Published on 21 January 2016

Successive tweaks to the savings regime have netted the chancellor more than £5 billion a year say Paul Johnson in The Times.

This generation of pensioners is better off than any before it. That’s partly because state pension provision has improved a bit. But much more importantly, receipt of private pension income has grown dramatically. The bulk of the incomes of the newly-retired comes from private sources, not from the state. That has been the purpose of pension policy for decades. Anyone with even modest earnings has been encouraged to save for their retirement because the state pension is not intended to provide a decent replacement for earnings. Those with higher earnings must make significant private provision to maintain anything like their standard of living into retirement.
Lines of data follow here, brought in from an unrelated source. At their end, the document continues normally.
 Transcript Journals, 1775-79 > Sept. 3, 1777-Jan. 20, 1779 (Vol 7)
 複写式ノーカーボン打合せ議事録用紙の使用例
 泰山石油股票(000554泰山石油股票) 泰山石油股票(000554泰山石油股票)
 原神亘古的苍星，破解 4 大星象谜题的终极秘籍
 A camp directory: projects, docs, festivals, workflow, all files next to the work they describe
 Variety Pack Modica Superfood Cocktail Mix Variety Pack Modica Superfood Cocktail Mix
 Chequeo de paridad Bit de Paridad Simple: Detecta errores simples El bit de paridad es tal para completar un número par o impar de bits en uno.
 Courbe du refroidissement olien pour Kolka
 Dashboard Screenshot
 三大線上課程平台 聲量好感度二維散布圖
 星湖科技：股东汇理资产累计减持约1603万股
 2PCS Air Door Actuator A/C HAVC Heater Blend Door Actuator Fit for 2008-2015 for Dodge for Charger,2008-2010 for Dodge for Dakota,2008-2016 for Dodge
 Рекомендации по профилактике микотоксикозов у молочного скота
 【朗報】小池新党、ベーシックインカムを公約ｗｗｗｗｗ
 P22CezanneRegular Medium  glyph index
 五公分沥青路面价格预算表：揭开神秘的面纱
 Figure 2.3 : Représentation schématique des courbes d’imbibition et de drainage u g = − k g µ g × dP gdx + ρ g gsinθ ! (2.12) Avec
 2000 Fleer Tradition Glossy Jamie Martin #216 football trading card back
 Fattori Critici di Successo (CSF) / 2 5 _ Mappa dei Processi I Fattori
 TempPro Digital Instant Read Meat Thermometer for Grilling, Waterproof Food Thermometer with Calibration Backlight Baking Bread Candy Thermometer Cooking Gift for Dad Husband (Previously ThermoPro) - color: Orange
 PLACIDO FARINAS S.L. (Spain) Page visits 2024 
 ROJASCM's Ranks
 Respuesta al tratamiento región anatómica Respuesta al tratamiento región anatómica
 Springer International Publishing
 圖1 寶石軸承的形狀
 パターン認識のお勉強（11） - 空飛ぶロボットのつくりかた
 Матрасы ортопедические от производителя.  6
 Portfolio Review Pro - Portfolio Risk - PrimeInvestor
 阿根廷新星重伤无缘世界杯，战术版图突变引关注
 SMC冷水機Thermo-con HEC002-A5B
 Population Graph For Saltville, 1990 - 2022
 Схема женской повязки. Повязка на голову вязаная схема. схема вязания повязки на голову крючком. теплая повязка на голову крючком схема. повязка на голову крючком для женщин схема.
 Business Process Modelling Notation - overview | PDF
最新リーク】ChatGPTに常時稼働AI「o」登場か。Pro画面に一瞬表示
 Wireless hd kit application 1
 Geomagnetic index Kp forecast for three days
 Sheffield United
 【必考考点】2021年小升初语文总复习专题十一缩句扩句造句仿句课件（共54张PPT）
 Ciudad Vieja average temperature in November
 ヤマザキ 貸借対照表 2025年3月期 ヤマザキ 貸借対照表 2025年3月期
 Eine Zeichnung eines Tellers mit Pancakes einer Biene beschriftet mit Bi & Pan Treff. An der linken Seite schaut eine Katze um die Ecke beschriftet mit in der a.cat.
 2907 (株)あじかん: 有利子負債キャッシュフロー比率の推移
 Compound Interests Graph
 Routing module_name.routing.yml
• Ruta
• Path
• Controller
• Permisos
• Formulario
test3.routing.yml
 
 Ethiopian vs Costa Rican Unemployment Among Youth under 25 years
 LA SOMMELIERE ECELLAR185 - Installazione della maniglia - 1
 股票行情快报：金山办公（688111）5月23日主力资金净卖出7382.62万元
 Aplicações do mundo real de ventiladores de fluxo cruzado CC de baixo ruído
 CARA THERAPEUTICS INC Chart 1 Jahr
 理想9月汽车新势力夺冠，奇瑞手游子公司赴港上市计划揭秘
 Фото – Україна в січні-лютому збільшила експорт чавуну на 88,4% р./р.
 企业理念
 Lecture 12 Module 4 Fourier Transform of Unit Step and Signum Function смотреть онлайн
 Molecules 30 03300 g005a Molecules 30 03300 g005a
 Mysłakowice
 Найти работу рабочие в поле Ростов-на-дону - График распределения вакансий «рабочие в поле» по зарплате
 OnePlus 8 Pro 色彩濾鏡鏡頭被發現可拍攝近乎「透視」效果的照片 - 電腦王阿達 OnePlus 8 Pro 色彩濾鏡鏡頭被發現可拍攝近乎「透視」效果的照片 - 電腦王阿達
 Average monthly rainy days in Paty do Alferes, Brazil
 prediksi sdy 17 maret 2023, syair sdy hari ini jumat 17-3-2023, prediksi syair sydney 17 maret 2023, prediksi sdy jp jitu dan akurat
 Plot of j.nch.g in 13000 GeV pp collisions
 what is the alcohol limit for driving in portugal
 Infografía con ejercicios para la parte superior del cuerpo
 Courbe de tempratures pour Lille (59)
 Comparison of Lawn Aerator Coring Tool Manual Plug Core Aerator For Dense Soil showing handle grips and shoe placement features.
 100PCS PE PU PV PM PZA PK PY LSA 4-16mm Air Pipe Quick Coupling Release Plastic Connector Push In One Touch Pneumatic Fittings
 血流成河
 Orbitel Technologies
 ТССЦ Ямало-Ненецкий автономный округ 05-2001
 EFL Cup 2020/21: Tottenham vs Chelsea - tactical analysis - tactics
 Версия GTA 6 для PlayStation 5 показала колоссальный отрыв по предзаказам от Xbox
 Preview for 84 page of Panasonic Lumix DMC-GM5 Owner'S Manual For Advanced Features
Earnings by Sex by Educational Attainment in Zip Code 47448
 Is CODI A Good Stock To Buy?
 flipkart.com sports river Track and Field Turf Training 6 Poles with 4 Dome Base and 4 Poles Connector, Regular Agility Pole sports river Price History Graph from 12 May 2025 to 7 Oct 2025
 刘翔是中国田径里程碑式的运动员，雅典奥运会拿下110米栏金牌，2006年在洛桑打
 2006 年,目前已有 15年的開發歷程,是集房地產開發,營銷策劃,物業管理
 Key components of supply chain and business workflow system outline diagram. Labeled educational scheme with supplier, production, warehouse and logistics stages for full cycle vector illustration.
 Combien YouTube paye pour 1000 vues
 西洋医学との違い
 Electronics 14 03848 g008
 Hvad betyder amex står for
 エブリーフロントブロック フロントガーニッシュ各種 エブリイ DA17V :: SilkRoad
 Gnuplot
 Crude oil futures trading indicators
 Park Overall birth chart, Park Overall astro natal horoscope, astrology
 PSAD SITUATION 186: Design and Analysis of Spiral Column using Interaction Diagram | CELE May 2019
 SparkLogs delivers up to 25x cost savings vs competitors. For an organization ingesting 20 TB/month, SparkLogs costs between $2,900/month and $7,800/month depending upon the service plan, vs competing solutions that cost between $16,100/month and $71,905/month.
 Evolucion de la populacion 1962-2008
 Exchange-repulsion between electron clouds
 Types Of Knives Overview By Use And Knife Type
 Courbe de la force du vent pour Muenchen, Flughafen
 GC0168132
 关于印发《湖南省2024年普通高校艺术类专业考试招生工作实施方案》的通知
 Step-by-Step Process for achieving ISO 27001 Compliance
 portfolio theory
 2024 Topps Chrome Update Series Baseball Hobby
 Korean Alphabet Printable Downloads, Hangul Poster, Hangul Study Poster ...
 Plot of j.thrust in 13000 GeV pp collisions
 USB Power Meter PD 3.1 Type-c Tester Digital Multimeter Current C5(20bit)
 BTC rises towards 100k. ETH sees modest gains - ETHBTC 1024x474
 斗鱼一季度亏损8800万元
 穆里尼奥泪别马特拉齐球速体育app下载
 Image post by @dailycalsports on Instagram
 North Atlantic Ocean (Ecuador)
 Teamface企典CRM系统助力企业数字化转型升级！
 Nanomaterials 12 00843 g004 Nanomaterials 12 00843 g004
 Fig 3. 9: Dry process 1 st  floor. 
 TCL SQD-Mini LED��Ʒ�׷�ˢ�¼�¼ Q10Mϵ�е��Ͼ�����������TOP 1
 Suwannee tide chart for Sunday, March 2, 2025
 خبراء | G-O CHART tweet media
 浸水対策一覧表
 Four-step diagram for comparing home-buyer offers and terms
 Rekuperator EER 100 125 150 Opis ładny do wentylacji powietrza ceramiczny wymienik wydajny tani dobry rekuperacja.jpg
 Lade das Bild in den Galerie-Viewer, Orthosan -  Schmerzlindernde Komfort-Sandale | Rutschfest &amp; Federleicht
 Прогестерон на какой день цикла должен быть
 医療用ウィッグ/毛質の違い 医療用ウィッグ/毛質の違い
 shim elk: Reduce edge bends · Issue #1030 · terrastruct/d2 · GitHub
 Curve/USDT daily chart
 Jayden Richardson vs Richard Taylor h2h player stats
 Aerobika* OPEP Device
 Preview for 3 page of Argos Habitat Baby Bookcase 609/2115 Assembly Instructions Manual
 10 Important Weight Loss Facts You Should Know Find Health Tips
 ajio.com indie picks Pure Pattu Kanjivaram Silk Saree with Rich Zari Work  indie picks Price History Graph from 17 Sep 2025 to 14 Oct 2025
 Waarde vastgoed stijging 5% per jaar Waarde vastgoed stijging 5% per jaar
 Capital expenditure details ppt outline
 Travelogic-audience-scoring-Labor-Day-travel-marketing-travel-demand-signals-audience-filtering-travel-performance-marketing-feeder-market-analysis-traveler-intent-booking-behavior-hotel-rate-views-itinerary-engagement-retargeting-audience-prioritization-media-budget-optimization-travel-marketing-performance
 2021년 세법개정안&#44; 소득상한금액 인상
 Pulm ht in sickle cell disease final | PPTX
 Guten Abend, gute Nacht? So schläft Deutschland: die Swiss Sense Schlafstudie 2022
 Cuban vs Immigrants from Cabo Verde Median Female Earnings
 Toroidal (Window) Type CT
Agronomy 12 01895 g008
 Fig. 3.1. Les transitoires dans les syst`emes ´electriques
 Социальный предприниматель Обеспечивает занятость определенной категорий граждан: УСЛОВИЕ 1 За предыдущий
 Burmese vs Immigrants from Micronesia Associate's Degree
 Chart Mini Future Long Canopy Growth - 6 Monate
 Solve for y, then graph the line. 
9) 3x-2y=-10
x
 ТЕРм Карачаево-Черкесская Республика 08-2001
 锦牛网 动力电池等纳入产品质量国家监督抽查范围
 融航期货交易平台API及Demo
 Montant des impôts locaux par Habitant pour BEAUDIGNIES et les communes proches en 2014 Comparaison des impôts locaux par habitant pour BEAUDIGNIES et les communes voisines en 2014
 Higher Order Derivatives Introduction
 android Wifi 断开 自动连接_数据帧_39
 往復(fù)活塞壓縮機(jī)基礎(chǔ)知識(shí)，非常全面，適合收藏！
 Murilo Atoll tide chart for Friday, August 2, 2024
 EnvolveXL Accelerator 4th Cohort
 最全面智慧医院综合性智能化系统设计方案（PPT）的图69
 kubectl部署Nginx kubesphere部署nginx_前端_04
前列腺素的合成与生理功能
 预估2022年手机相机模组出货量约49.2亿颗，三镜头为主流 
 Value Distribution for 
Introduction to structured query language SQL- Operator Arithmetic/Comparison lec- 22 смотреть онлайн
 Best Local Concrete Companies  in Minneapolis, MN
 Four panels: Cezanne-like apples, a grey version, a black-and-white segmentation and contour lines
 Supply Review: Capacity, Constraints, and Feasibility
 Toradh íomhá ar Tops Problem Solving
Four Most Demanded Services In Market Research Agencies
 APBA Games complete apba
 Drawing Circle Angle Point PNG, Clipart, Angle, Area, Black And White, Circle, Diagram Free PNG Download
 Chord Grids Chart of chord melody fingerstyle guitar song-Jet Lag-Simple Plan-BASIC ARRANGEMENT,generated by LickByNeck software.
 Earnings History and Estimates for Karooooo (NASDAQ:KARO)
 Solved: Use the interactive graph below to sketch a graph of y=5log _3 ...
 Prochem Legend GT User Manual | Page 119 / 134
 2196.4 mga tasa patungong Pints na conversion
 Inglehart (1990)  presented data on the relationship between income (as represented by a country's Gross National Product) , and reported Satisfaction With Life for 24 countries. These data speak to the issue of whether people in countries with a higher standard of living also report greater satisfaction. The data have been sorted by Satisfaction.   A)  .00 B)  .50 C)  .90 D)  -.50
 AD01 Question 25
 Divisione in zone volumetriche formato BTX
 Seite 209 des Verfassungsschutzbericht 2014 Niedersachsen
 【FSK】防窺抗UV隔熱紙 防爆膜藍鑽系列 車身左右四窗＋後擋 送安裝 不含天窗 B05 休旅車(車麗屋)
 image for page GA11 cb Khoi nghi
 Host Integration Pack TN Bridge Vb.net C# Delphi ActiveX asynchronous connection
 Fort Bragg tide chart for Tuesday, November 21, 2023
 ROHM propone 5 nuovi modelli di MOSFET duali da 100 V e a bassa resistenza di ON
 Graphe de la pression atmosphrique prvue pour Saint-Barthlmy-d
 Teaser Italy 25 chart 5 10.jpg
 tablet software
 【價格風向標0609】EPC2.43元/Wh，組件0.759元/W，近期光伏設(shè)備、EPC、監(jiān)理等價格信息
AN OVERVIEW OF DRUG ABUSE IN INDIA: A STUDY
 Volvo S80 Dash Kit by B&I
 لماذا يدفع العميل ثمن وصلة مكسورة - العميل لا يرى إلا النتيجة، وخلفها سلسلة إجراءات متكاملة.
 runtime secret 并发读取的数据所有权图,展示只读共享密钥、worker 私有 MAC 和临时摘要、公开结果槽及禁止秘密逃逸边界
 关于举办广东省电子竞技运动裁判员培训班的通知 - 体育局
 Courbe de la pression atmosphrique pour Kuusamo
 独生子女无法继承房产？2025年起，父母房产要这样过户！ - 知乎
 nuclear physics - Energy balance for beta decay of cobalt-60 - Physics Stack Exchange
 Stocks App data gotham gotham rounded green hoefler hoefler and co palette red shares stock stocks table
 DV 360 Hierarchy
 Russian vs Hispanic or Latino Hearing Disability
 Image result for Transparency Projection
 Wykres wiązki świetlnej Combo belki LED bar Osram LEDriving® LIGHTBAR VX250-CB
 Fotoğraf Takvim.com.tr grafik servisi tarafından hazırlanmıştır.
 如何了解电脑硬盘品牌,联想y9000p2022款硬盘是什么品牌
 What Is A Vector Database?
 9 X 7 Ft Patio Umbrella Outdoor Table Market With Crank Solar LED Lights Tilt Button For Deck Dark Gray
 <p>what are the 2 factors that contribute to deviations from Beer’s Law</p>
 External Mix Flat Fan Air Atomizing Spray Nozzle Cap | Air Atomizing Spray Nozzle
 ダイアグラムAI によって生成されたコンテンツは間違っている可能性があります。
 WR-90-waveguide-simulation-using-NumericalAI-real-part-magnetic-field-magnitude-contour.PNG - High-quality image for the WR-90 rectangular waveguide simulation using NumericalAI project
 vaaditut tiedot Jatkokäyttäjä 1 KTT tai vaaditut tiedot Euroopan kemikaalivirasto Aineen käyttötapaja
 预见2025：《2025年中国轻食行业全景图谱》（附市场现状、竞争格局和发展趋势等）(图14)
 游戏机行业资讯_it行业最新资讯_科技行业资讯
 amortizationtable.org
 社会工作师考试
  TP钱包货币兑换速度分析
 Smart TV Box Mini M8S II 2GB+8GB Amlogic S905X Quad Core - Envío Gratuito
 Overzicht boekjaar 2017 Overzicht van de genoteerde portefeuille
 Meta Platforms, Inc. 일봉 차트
The result is that taxpayers don’t pay huge amounts to fund very high benefits to retired lawyers and bankers, as they do in France and Germany. Our lawyers and bankers largely look after themselves, while taxpayers ensure a basic minimum for all.

Governments of all stripes have recognised that widespread access to good private pensions is an essential part of the implicit deal with the voter — we won’t pay you much of a state pension, but we will make sure you have the chance to save for yourself.

And at the heart of that deal has been the tax treatment of private pensions. It should go without saying that nobody would tie up hundreds of thousands of pounds in a pension, which they can’t access for decades, if there weren’t some benefit for doing so compared to saving in some other way. That benefit is tax relief. I don’t pay tax on my pension contributions but I will pay tax on the pension when I receive it. In truth, it’s not much of a relief — it’s merely tax deferred rather than tax saved. That’s the least I might hope for if the state effectively requires me to save to provide for myself. The real additional relief comes in the shape of a tax free lump sum equal to a quarter of the accumulated pension pot and in the fact that no national insurance contributions are payable on pension contributions made by an employer.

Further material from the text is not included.